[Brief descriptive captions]
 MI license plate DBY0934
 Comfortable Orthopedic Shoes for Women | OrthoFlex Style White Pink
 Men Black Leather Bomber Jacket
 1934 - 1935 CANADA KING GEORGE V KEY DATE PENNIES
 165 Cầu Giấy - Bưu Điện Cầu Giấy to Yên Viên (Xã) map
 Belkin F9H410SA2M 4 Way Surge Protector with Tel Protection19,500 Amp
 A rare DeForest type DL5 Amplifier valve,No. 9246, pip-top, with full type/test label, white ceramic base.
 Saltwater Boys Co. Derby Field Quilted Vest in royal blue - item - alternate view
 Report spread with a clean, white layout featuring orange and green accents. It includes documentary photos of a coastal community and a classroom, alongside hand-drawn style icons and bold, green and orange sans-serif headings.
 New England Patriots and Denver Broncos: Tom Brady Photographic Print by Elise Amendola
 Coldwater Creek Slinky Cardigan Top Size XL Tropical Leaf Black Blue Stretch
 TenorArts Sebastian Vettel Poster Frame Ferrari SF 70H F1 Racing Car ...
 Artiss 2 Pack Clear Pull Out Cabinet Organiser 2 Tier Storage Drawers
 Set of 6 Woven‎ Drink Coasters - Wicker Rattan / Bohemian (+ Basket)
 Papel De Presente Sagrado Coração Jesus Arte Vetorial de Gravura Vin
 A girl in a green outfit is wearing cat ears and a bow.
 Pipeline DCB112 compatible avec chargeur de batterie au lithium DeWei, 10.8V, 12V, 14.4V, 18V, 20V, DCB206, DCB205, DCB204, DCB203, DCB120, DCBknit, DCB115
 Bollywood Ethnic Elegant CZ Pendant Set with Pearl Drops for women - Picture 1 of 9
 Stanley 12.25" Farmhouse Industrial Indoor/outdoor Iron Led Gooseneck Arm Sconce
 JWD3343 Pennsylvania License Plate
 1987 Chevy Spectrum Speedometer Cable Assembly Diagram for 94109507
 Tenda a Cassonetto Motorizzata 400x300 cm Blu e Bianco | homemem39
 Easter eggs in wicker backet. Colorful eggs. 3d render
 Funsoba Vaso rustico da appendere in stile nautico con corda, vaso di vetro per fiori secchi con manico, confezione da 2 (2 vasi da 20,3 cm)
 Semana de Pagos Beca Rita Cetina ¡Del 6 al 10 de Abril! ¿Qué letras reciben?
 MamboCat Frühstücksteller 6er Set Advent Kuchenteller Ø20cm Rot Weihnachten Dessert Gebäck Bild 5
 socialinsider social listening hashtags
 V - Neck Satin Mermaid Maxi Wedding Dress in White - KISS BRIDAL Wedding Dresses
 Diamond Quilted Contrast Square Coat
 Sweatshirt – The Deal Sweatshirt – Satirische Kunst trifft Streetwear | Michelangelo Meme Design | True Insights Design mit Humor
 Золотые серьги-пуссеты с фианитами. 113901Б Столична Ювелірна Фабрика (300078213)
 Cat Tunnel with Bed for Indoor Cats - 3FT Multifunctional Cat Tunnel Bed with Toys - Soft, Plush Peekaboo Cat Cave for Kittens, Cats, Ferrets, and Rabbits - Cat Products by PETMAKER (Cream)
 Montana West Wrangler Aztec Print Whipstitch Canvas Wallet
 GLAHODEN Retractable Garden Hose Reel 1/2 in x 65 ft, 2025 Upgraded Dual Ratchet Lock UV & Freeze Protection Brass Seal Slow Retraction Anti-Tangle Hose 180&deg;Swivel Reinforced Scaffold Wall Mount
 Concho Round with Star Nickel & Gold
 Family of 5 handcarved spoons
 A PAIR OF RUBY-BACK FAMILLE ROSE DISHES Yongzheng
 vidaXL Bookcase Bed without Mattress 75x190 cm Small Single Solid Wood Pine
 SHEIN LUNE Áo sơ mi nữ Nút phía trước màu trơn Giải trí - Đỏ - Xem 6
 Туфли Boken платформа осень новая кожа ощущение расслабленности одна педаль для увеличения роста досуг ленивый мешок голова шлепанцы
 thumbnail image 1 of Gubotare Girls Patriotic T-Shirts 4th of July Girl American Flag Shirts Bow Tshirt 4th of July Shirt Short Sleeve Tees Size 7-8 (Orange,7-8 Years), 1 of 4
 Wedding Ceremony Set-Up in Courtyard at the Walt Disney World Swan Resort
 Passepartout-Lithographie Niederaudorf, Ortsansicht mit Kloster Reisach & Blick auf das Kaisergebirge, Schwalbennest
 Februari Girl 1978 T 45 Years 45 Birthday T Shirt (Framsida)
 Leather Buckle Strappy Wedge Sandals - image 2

• Aim of the task: Using the data above, reproduce exactly the lines from the line that contains "socialinsider social listening hashtags" through the line that contains "Montana West Wrangler", including both.

• Finished task:
 socialinsider social listening hashtags
 V - Neck Satin Mermaid Maxi Wedding Dress in White - KISS BRIDAL Wedding Dresses
 Diamond Quilted Contrast Square Coat
 Sweatshirt – The Deal Sweatshirt – Satirische Kunst trifft Streetwear | Michelangelo Meme Design | True Insights Design mit Humor
 Золотые серьги-пуссеты с фианитами. 113901Б Столична Ювелірна Фабрика (300078213)
 Cat Tunnel with Bed for Indoor Cats - 3FT Multifunctional Cat Tunnel Bed with Toys - Soft, Plush Peekaboo Cat Cave for Kittens, Cats, Ferrets, and Rabbits - Cat Products by PETMAKER (Cream)
 Montana West Wrangler Aztec Print Whipstitch Canvas Wallet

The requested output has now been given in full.